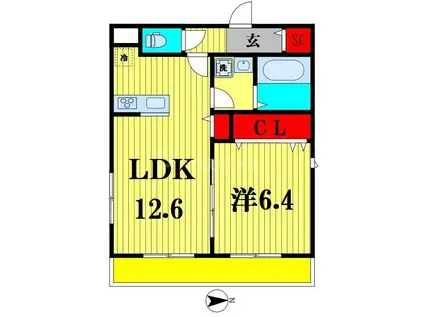 エルフォII(1LDK/3階)の間取り写真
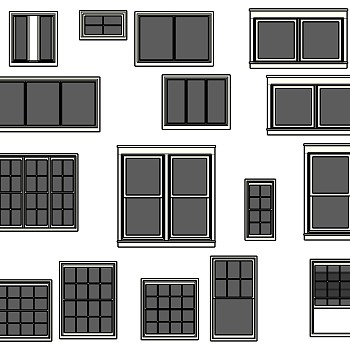 (27)现代建筑阳台窗户sketchup草图模型下载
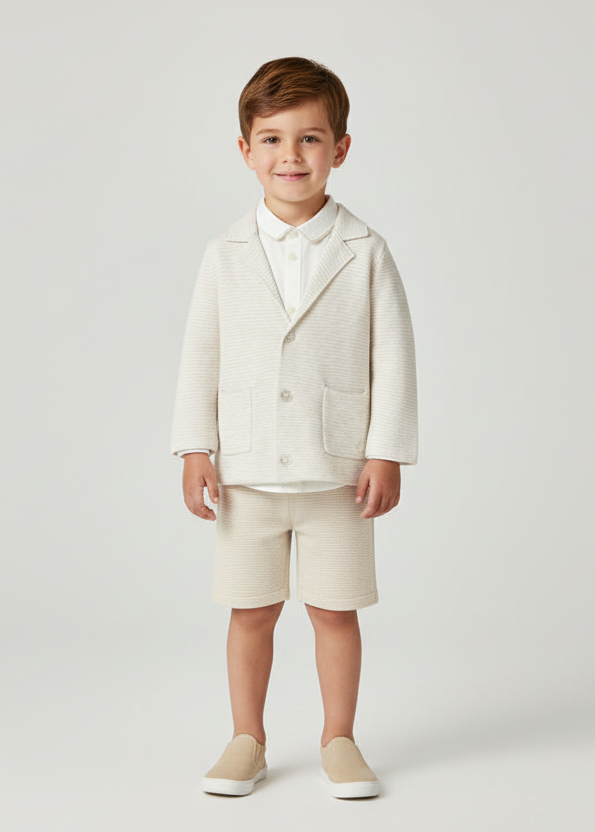 Boy wearing the Mayoral oat cardigan, ivory shirt and checked shorts outfit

### THE TASK
Strip out the pictures and repeat the listing above exactly.

### SOLVED EXERCISE
 エルフォII(1LDK/3階)の間取り写真
 (27)现代建筑阳台窗户sketchup草图模型下载
 Boy wearing the Mayoral oat cardigan, ivory shirt and checked shorts outfit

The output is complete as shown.